僕らは王の前に進むと跪き、臣下の礼をした。
「勇者たちよ、その様な礼は必要ない。立ち上がり、顔を上げてくれ」
王自ら僕らに声を掛ける。
「私はこれから君たちにお願いをしなければならない。その前にこれまでの経緯について説明しよう」
「お父様、それは私が致します」
「いや、駄目じゃ。これは私がすることだ」
「王様、説明は長くなると思います。まずは簡単なところから、差し出がましいですが私の方から説明させていただきます」
最後に宰相ですと言った白髭の老人が進み出て、進言した。
「私は宰相を任されておりますモージェと申します。まずは私の方からこの国の歴史について説明させていただきます」
モージェの話は長い話となった。その為その場所へ椅子を4脚用意され、僕らは座ってこの国の歴史を聞くこととなったのである。

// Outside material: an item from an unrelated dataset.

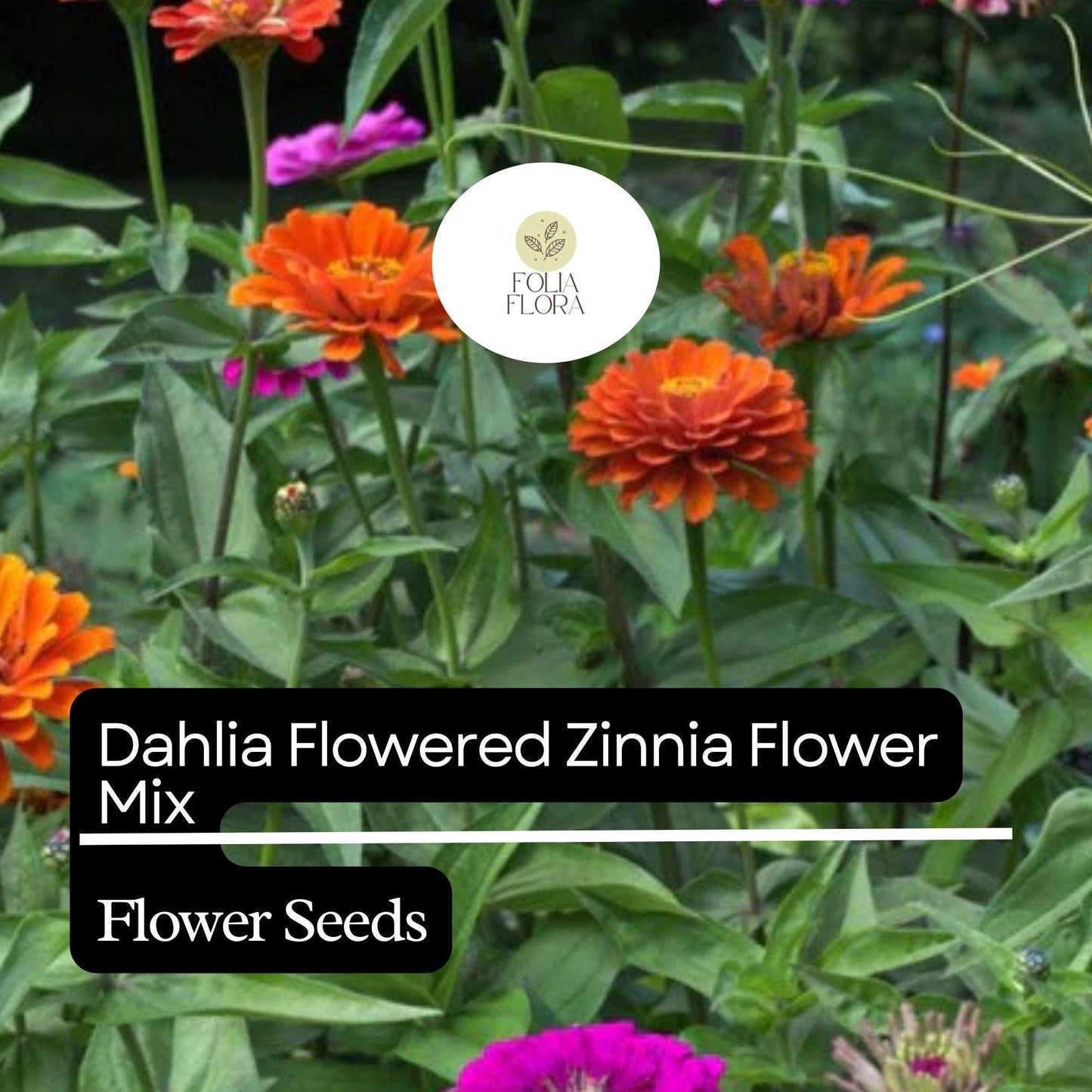 100 Dahlia Flowered Zinnia Seeds – Zinnia elegans – Large, Vibrant Blooms, Pollinator-Friendly, Easy to Grow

以前トーベやレーコから話は聞いていたが、実際はもう少し複雑な事情があった様だ。このガイア国は1万年を誇る魔法国家であり、王家の神代魔法を中心に平和な国を治めていた。5千年前に突然、魔王と命名した異世界人が現れた。魔王はこの世界の”魔素”を集める為、魔素を持った動植物をどんどん駆逐していったそうだ。恐らく異世界に戻るために多量の魔素を必要としたらしい。魔王の攻撃にかなうものはおらず、王家は魔法の極意を研究し異世界から勇者を召還し、魔王を討伐した。しかし、その後も200年毎に魔王は現れたという。
「魔王は討伐されると、悪意の魔素に変換され、それが再び集まり復活するようなのです」
その後、千年の間に5回出現した魔王は以後最近まで現れることはなくなった。
しかし、今から5年前魔王の再来を高位魔導師が予言した。
「それは第2王女、スザンヌ・フローレンス・ガイア様でした」
スザンヌはこのままではこの世界は滅亡してしまうとも予言した。それを覆す方法も提示し、それを実行した後王城を離れることとなった。
「現在は始まりの村におりスージーと名乗られております」
予言を覆す方法を取る時に、自分の生命エネルギーを使用したため、外見が一気に老けてしまったが、現在の年齢は22歳だそうだ。